Uncertainty has returned to the centre of the MENA startup ecosystem, and this time it is not cyclical. It is structural.
After a strong start to 2026, funding activity slowed sharply as geopolitical tensions intensified and investors pulled back to reassess risk. In the first quarter alone, startups across the region raised roughly $941 million, marking a decline of more than 20% compared to the previous quarter. March, in particular, stood out as one of the weakest months in recent years, with dealmaking activity stalling rather than collapsing. Capital did not disappear; it paused.
For founders, that distinction matters. This is not a market correction driven by valuations or sector fatigue. It is a period defined by delayed decisions, longer timelines, and a fundamental shift in how capital is deployed. Navigating it requires more than caution. It demands a different operating model.

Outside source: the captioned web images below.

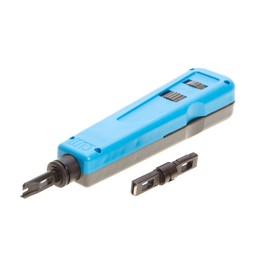Professional Punch Down Tool with 110 & 66 Blades – Cat6/Cat5e Network Cable Termination, Impact Tool for Patch Panels, Outlets & Sockets, Precision Reversible Blades, Ergonomic Grip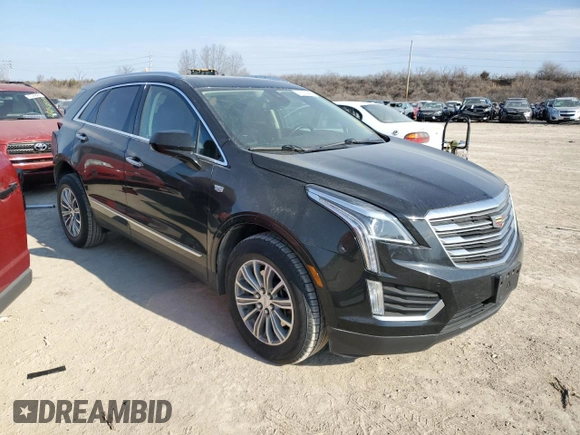 2018 Cadillac XT5 Luxury AWD with VIN 1GYKNDRS0JZ242526, listed as a Copart auction lot 47269445 with 52,574 mi miles and Salvage Title. Bid and sale history available at DreamBid. Image 4.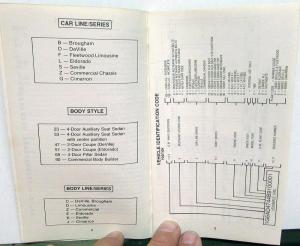 1982 Cadillac Dealer Pocket Product Information Models Specifications Booklet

Rewriting the playbook under pressure
For much of the past decade, startup growth across MENA was shaped by expanding capital pools and increasing investor appetite for scale. That model is now under strain. Investors, including sovereign-backed funds, are recalibrating their strategies in response to a more volatile global and regional environment. According to Global SWF, Middle Eastern sovereign wealth funds have played an increasingly central role in global dealmaking, particularly in technology and infrastructure. Yet their deployment pace tends to slow during periods of uncertainty, reinforcing a more cautious investment climate across the ecosystem.